Cruise Log: 12/09/2009    



Last Day of the Last Cruise of the Year

Steve W. Ross

Front Row (left to right): Genelle Harrison, Furu Mienis, Jennie McClain, Amanda Demopoulos, Steve Ross, Adela Roa-Varon, Gerard Duineveld. Back row (left to Right): Sandra Brooke, Cheryl Lewis Ames, Mike Rhode, Mattias Elliot, April Zilg, Patrick Gibson. Note: J. Murray Roberts is missing from this photograph - click to enlarge
Front Row (left to right): Genelle Harrison, Furu Mienis, Jennie McClain, Amanda Demopoulos, Steve Ross, Adela Roa-Varon, Gerard Duineveld. Back row (left to Right): Sandra Brooke, Cheryl Lewis Ames, Mike Rhode, Mattias Elliot, April Zilg, Patrick Gibson. Note: J. Murray Roberts is missing from this photograph - click to enlarge
Many, perhaps all, scientific advances are made relative to existing information, namely by making comparisons. In the case of the DISCOVRE team's deep-sea research, having the ability to collect similar data across a wide range of depths, geography, and habitats has given us an unprecedented ability to make comparisons that help us to understand continental slope ecosystems. Conducting this work in one location would not have lead to significant advances. From my long term perspective, this far reaching project - which encompasses many distinct but complementary study topics supported by the cooperation of international agencies - has been a powerful way to extract the maximum amount of science from our efforts. This year alone we sampled deep-sea coral habitats off North Carolina, off east-central Florida and through the Gulf of Mexico. These were significant additions to our previous data and will help guide our future cruises. Few other research groups have the opportunity to assemble such an impressive database. All of the scientists and technicians associated with this work have done an amazing job, and I congratulate them on their contributions. I look forward to our continued progress.

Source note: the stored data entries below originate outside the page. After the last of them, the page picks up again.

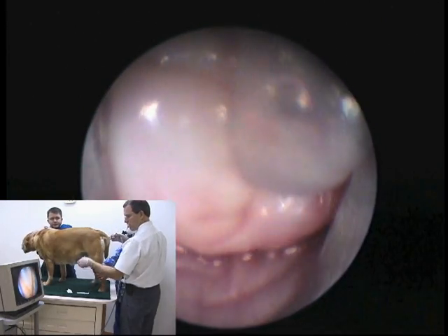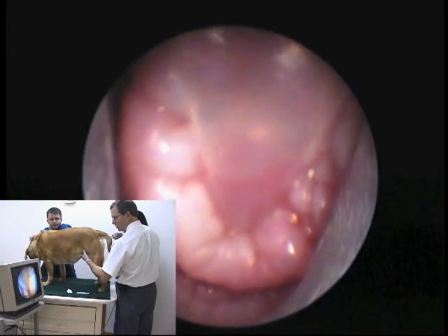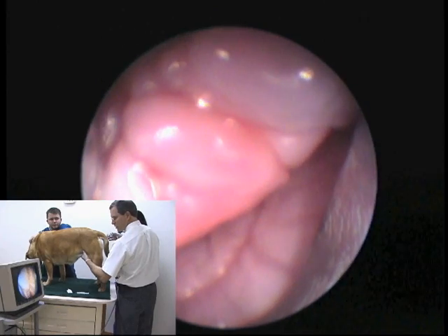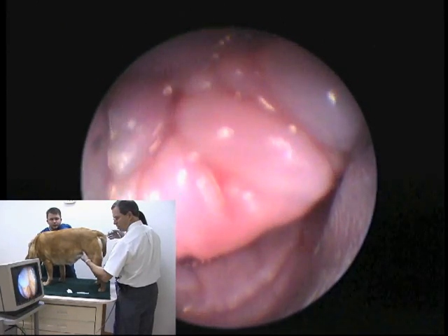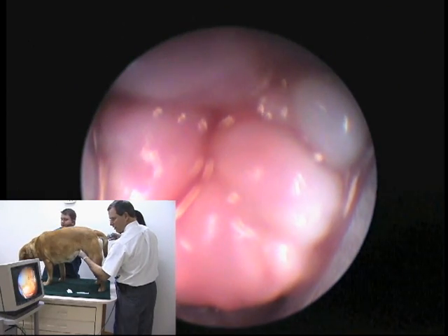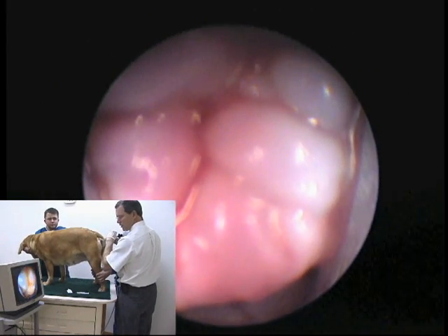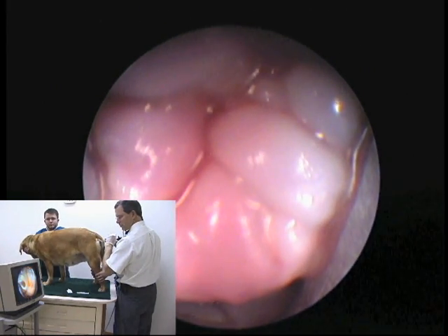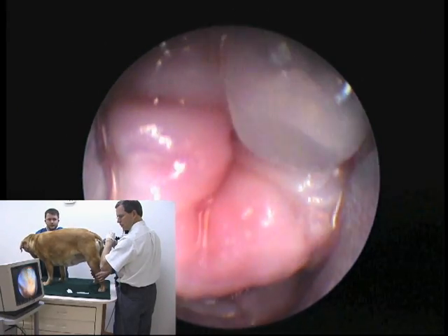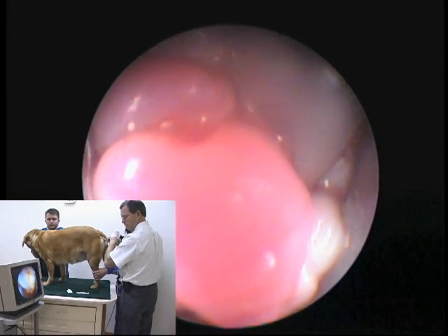As we go down the cervix, the os will generally be aimed ventrally and we will hit the os to the cervix with the catheter. If we can't get the catheter in, we slide the scope ventral to the opening, trying to keep the opening directly in the dorsal position of the scope, and then advance the catheter again. You do not have the ability to aim the catheter in any direction, so the catheter has to be straight at it. The scope going ventral to it tips the cervix up a little bit, allowing the catheter to immediately enter.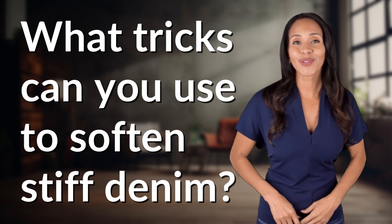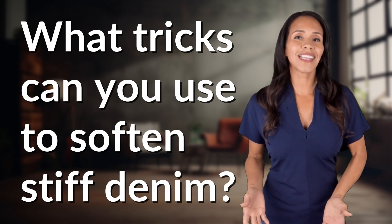Unlocking answers to your most sought-after questions — what's in the knowledge vault today?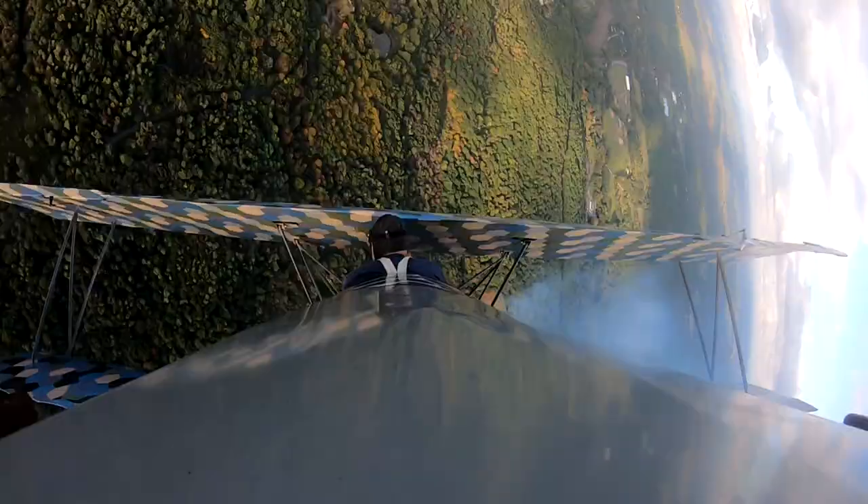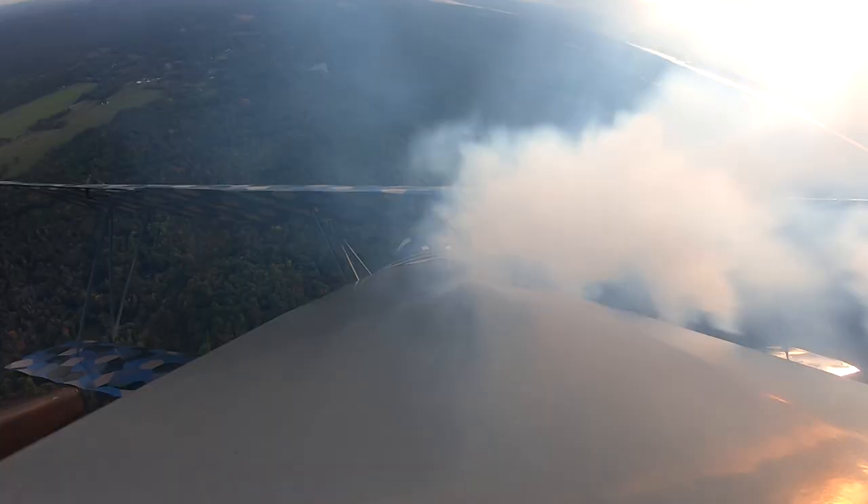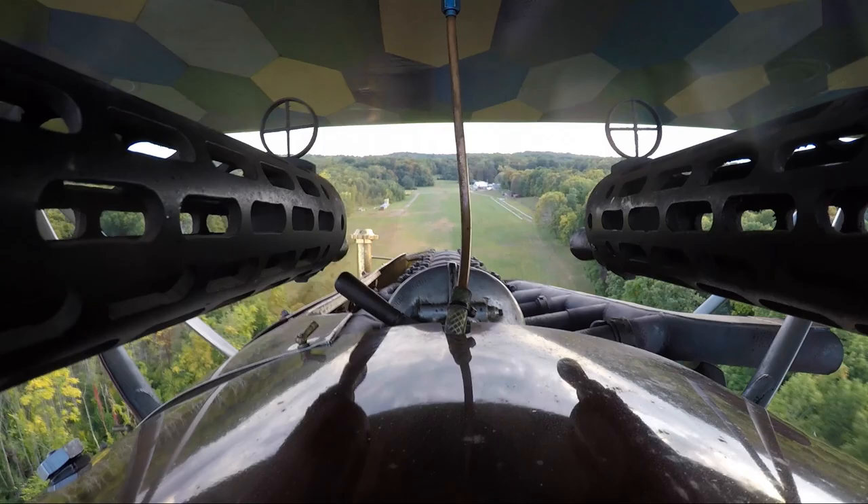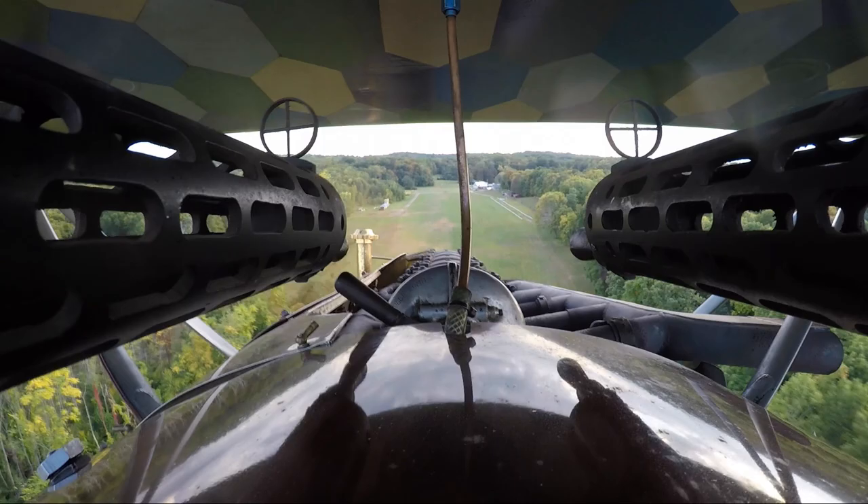When I first flew it, we didn't have a steerable tail skid. And it did have a ground loop tendency. We put a steerable shoe, which is hooked to the rudder, and there's no controllability problems on the ground at all. It's an all-around good airplane.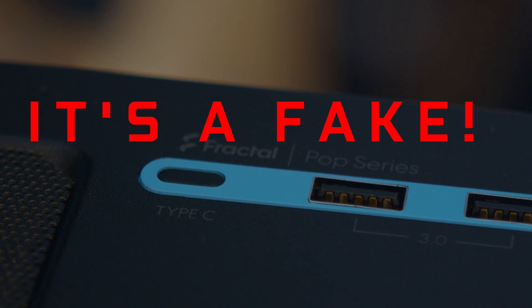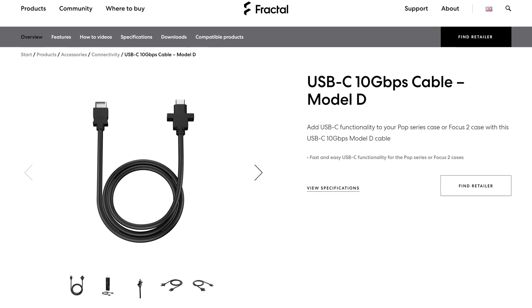The Fractal Pop Air has a major flaw. Well, it has many flaws, but this one is probably one of the biggest ones. That is the fact that the USB Type-C port at the top is a fake. That's right, there is no port there — it's just plastic. Because Fractal expects you to buy the USB Type-C cable separately.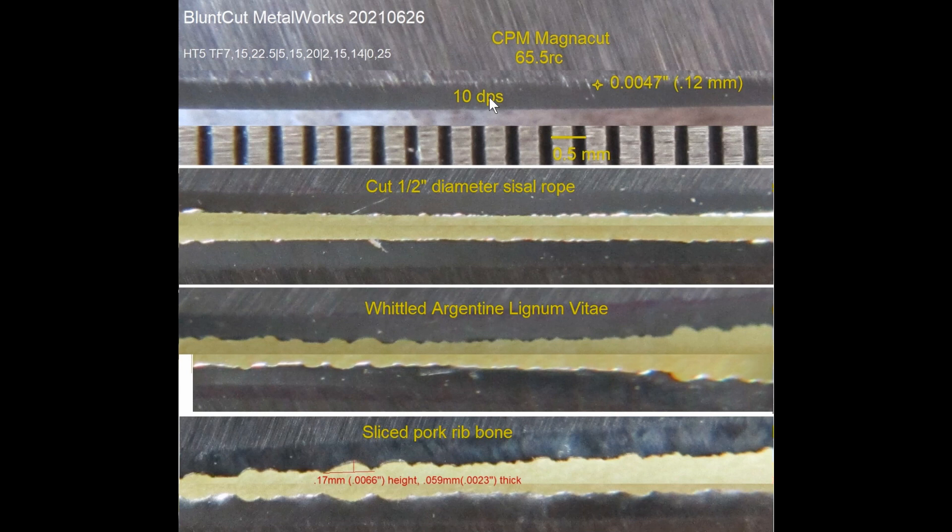Even if you have soft steel, when you fold it over to a certain extent, then it will fracture. As you can see, the thickness behind the edge here is very thin — about 47 thousandths or 0.12mm. After cutting the scissor rope here, which also impacts the wood backing, what you are seeing is a lot of these reflections. You only see reflections when there is a bend, and the sunlight actually bounces back to the camera.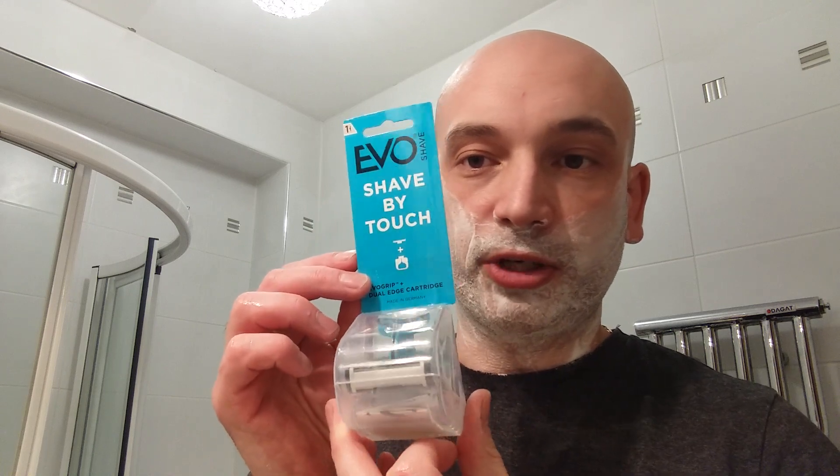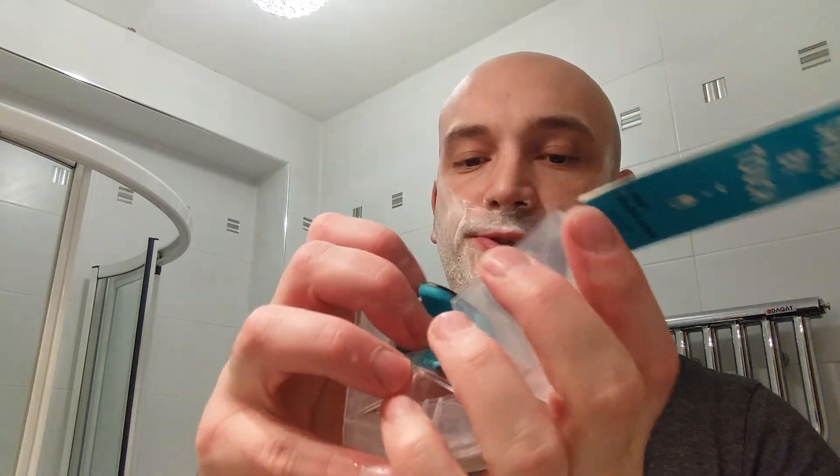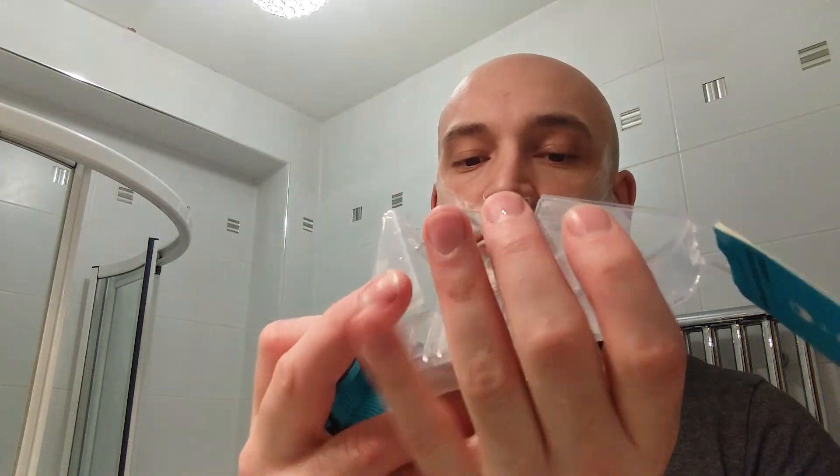Hello everyone, it's shaving time again. I have this new product called Evo Shave. It is highly unusual — it doesn't look like a normal razor. It says 'shave by touch.' Opening it up, here's the razor and a little manual inside. I have actually opened it just a little while ago to read it, so I know what I'm doing. Here's the Evo Shave — it appears to be like a DE razor.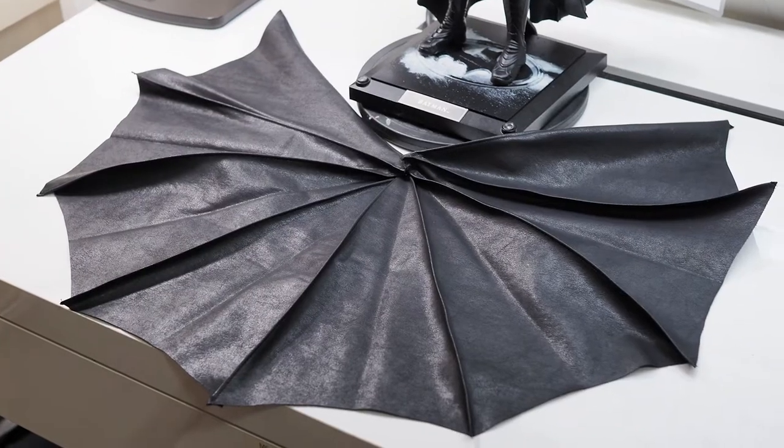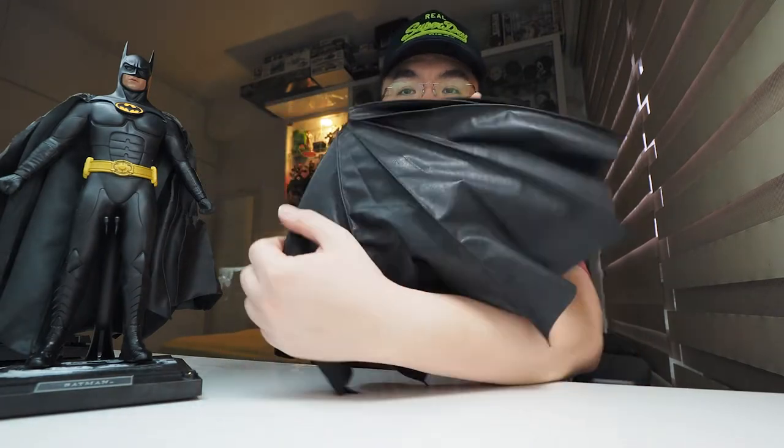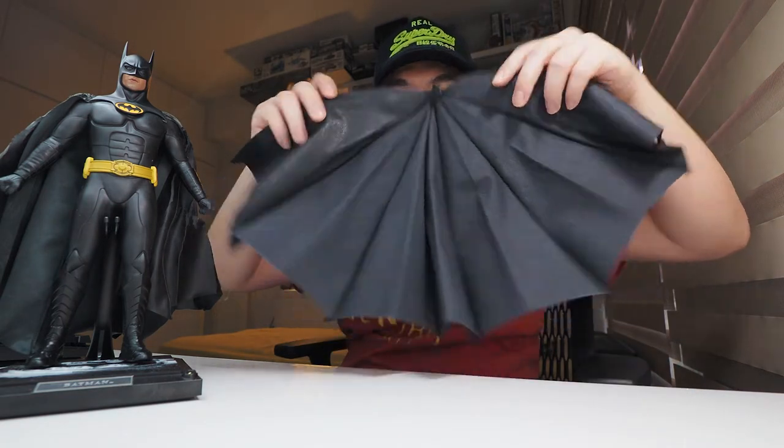This is it. First off, allow me to say how much better this cape is compared to the original one by Hot Toys. The material feels good — leather texture on the outside and cloth on the inside. There are nine internal wires spaced evenly, and in my opinion, all capes should come with wires.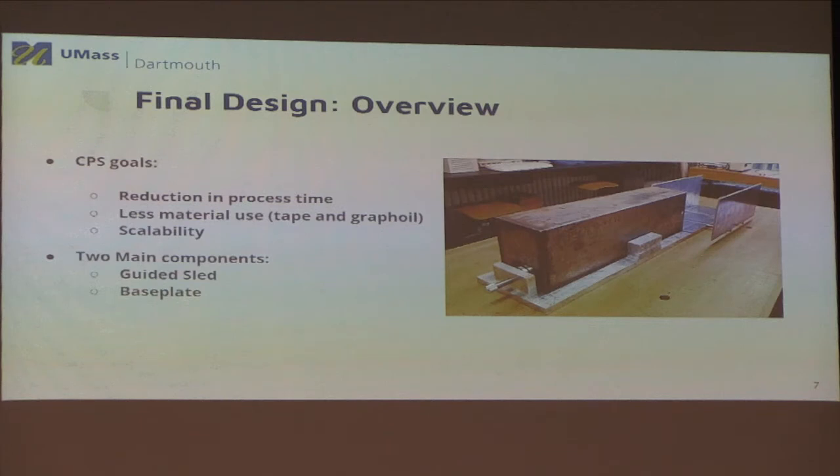When we first got this problem, we did some initial brainstorming to figure out the solution. We then went back to the project request form to figure out the needs they really wanted. The three things they want: a design that would reduce process time, a design that would reduce material usage such as the tape Brad mentioned, and a design that is scalable so it can work on any other products they have.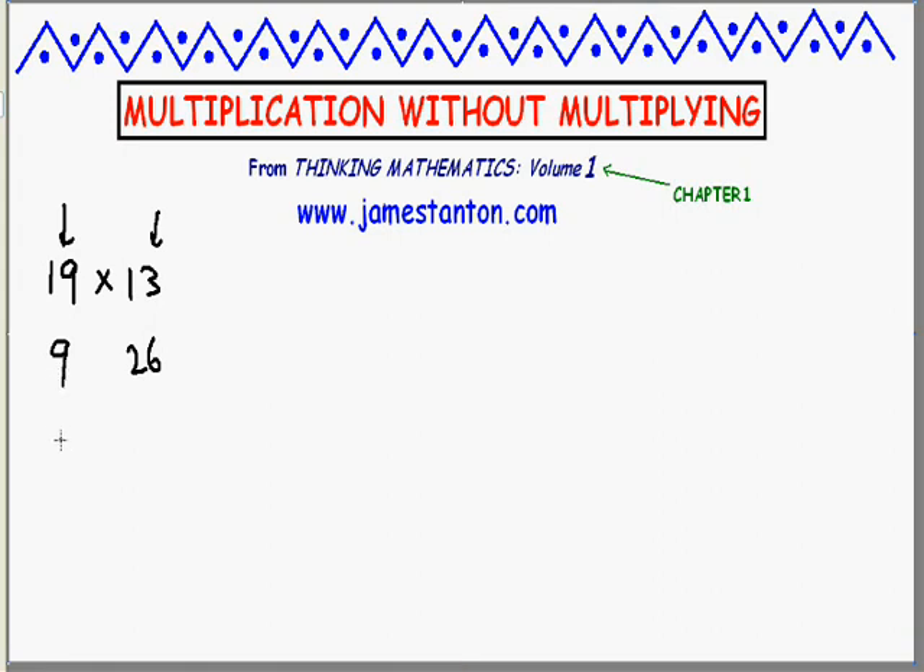What's half of 9? Four and a half. Ignoring fractions, we'll just say 4. Double 26 is 52. Half of 4 is a nice clean one this time — it's 2. Double the right is 104. Half of 2 is 1. Double the right is now 208.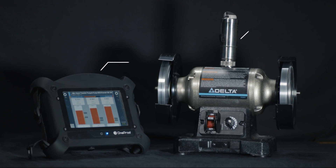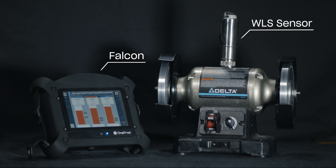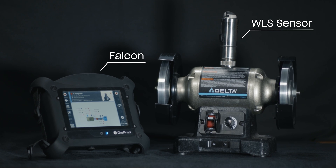With the Falcon and WLS sensor, we can measure the vibration to get a diagnosis of unbalance and its severity. Using the balancing kit that corresponds with the Falcon, we could correct the unbalance and reduce the damaging forces experienced by unbalance.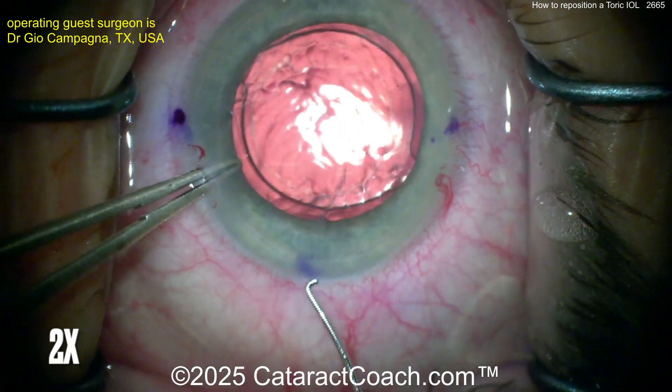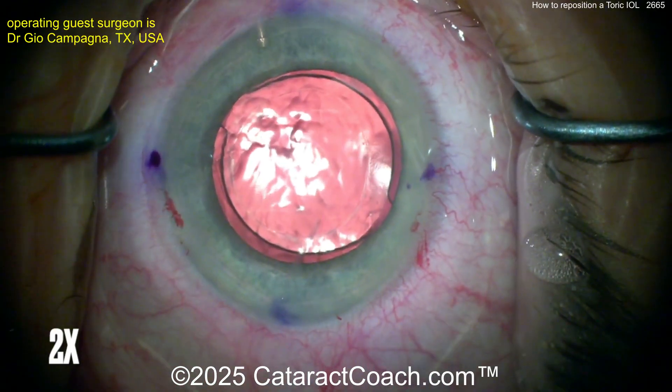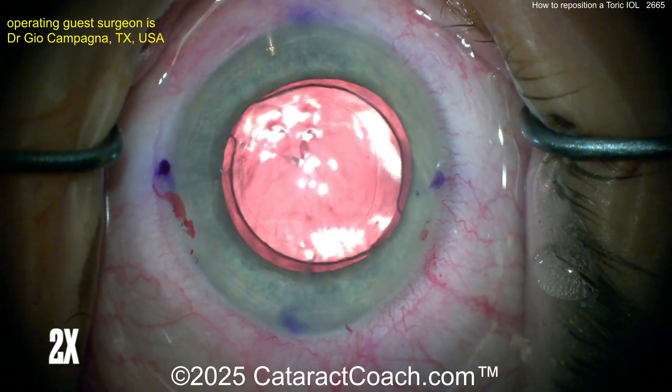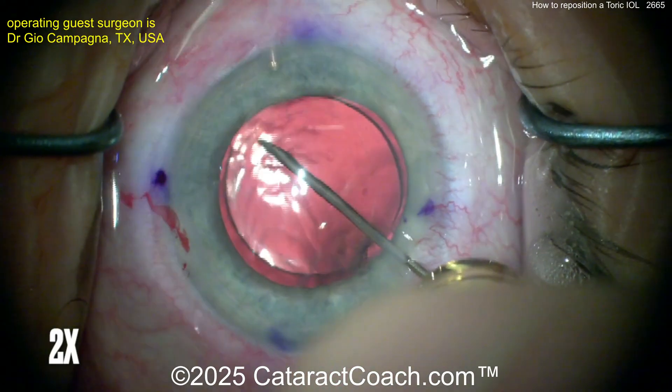Remember the shape of the haptics and the orientation. You need to have this lens first freed up from the capsule bag. You can see the surgeon open up the main incision just with a Sinsky hook. Remember, if you make these totally avascular incisions, even months later, even a year later, you can open them up with just a Sinsky.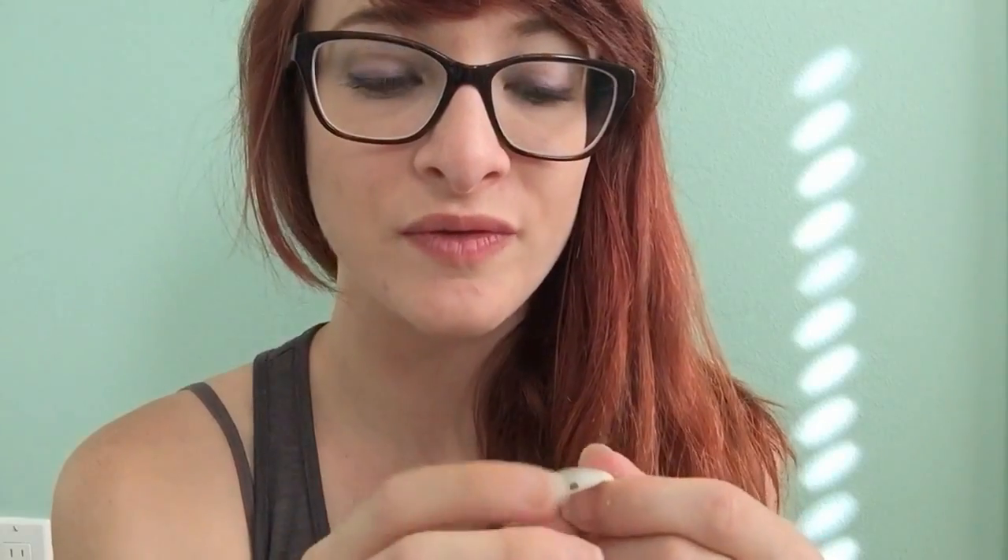These holes are naturally in the shells because a predator to this type of bivalve shell bored through the shell to eat the animal inside. So it was unfortunate for the shell's inhabitant before they were eaten, but it makes something wonderful to find from the beach.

We have been forced again to leave station (the third time this cruise) because of weather. We have ended the cruise early and are heading to port. Out of our nine day cruise, we have lost five days to bad weather. That is not unusual this time of year in this part of the world. While disappointing, we must remember we cannot control the weather, and despite that hindrance, we still managed to complete 70 stations. Several of our main objectives were completely successful. We were able to deploy the two benthic landers and a deep-sea mooring. These will stay down at least six months, recording data on ocean currents, temperature, particle flux, dissolved oxygen as well as supporting coral growth experiments and settling plates. The CTD transects we conducted will supplement these lander data. We conducted many successful box cores that will contribute to our understanding of coral mound geology and benthic ecology. Our trawl samples helped fill in many gaps in our project on feeding dynamics around the coral mounds. In the end, in addition to appreciating the hard work of the science crew, I thank the skill and dedication of the officers and crew of the R/V Cape Hatteras. The whole group made an impressive team.